January 14, 2012

"the American economy runs from the bottom up"

Spengler — Private Equity and Creative Destruction:

...There are plenty of things about which I disagree with Mitt Romney; I entirely agree with Governor Huntsman's warning that Romney's rhetorical blasts against China would lead to a trade war, and I also agree with Newt Gingrich's sensible views on immigration against Romney's hard line. In both cases, it seems to me that Romney is pandering to prejudice. But there is no question that his record at Bain Capital qualifies him to make better economic policy. Obama's economic advisers, by contrast, think in terms of such abstractions as "aggregate demand," and blundered into a stimulus program that failed to stimulate. Romney understands that the American economy runs from the bottom up — that risk-taking and innovation and the stubborn desire to win are what make companies succeed.

One wonders at the pettiness of Romney's opponents. One of the problems that Republicans have in the primary is that the Reagan consensus — cut taxes and roll back regulation — holds sway over all the contenders, except, of course, for Ron Paul, who is a throwback to an ugly era of American isolationism — Charles Lindbergh without the airplane. In 1980, the differences between Reagan and the establishment candidates were enormous — "voodoo economics" against conservative Keynesianism. Now that supply-side has become the mainstream Republican doctrine, the practical differences between Romney and a Gingrich or Perry are small in economic policy. Perhaps the reliance on personal attacks stems from lack of substantive differences. If that is true, there is hope that once Gingrich and Perry come to understand that they are not going to be the Republican candidate, then the party will unite behind its candidate and this whole miserable discussion will be forgotten....

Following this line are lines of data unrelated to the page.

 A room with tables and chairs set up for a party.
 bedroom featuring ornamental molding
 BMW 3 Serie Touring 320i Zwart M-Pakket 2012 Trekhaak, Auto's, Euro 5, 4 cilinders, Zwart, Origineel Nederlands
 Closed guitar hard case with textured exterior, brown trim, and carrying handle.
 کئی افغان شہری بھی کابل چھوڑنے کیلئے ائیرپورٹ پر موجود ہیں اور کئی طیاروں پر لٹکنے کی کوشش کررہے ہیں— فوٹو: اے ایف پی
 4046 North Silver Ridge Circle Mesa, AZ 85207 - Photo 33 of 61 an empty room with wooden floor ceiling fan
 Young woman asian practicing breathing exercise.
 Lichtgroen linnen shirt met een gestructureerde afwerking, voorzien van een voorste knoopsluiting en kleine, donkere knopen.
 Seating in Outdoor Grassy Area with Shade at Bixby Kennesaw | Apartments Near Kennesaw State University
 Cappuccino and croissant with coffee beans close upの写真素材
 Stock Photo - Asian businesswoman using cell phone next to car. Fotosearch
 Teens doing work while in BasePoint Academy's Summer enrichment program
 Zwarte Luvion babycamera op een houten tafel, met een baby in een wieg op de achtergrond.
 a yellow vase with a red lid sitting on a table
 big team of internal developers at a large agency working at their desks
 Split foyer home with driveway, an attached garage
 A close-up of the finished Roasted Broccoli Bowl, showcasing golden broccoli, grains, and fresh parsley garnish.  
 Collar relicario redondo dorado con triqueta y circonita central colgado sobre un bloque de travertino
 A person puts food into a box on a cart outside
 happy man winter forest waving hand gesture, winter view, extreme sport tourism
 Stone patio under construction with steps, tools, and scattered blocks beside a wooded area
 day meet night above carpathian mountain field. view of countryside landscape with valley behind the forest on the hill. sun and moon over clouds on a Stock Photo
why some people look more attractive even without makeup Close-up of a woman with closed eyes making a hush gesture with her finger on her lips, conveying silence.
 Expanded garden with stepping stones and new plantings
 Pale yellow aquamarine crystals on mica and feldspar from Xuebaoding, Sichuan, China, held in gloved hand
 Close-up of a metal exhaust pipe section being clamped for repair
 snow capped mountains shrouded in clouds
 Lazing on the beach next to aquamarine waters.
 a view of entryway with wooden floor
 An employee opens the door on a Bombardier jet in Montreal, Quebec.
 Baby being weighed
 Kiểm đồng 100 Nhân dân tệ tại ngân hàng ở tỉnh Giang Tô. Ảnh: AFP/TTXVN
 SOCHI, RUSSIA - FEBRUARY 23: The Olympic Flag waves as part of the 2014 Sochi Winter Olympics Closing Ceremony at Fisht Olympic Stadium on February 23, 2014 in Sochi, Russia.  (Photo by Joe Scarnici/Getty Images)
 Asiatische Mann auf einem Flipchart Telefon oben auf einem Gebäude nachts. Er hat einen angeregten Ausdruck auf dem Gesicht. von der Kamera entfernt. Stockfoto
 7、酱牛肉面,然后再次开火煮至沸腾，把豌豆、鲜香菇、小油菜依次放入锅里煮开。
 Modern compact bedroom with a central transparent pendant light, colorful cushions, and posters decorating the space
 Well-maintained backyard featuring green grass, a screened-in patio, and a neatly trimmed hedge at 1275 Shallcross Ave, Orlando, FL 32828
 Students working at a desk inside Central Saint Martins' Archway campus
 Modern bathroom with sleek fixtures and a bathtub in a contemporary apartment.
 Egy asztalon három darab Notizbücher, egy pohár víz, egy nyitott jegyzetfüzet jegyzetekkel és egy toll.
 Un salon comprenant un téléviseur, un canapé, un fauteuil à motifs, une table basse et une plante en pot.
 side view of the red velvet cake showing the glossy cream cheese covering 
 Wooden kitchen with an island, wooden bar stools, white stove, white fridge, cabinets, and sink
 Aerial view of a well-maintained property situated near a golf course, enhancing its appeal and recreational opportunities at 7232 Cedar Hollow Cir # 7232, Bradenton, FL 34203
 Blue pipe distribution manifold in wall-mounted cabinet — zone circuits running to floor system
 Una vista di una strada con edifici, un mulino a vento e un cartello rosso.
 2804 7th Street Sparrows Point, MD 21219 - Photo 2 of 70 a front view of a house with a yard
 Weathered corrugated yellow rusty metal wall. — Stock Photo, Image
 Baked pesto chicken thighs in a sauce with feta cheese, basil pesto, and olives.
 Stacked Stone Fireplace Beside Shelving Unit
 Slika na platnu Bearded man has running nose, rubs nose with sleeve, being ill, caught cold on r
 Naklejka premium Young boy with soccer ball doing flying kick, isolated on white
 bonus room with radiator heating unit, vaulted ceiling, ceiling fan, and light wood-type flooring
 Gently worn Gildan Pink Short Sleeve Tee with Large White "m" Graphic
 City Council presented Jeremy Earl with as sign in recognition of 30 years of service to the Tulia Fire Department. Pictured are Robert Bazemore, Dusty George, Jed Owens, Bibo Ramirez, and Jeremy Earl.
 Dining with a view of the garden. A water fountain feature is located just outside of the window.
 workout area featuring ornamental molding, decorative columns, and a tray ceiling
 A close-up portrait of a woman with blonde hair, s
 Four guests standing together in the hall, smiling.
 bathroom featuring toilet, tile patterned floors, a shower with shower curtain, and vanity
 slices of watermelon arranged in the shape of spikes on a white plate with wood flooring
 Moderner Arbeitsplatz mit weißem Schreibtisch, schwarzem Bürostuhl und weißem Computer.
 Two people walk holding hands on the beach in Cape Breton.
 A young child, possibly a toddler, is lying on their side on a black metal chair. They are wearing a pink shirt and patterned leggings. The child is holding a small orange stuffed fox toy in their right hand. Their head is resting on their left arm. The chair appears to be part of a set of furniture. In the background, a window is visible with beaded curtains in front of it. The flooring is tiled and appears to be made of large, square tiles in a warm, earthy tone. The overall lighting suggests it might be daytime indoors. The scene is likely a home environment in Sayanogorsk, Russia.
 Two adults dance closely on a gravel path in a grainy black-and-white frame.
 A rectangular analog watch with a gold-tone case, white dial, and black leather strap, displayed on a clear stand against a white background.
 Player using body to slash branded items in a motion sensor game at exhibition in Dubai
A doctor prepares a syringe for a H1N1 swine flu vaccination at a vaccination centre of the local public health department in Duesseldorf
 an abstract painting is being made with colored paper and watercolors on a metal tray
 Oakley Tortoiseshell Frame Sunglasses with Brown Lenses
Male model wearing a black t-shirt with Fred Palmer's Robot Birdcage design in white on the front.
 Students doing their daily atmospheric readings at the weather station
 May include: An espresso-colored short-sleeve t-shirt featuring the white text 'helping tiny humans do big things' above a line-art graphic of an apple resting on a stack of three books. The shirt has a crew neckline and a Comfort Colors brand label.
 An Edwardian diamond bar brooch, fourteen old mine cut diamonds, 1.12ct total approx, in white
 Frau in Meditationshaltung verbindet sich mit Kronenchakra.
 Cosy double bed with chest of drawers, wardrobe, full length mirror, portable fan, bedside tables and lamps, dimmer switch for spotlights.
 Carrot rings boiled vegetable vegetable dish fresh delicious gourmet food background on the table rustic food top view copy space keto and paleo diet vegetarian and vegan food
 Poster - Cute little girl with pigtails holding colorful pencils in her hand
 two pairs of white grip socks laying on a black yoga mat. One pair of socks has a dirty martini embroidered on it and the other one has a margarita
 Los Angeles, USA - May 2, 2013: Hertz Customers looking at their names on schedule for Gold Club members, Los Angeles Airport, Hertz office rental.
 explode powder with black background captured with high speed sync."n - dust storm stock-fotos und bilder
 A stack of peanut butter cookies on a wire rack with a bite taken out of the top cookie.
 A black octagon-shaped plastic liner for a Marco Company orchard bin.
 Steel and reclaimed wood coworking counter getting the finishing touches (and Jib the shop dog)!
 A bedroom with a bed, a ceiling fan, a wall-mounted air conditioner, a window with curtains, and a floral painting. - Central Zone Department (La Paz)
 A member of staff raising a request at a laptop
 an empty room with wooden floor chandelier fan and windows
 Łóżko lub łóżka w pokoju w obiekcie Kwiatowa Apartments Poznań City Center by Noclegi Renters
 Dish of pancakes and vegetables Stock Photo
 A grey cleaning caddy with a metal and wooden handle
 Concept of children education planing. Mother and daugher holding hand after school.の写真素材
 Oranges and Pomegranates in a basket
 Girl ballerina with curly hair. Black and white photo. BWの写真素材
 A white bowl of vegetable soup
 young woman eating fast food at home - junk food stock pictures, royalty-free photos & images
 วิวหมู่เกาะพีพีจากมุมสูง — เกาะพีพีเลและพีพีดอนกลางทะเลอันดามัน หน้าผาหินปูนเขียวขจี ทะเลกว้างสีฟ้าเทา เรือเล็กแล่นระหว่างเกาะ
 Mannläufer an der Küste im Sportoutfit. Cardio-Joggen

Good stuff. But why do we have to get this from Spengler, and not from Romney himself? This just mystifies me. He's been running for President for six or eight years, maybe more. And the OBVIOUS criticism to make of him is that he's a heartless capitalist who fires the little people (preferably on Christmas Eve) and then returns to the 42nd Floor to mingle with light his cigars with hundred-dollar bills. So why is he not ready with a good answer? I could write better answers than he's giving. With one hand tied behind my back.

And why can't our people understand and express it, that jobs too come from the bottom up? From a million decisions, like... "Should we hire another person? Or invest in a better machine? Or just muddle along the way we are?"

Posted by John Weidner at January 14, 2012 9:50 AM
Comments

Because there is no good conservative answer?

Posted by: Gian at January 19, 2012 2:59 AM

That IS the good conservative answer. (As should had been obvious from the context.)

The wonder to me is that our candidates can't express it clearly.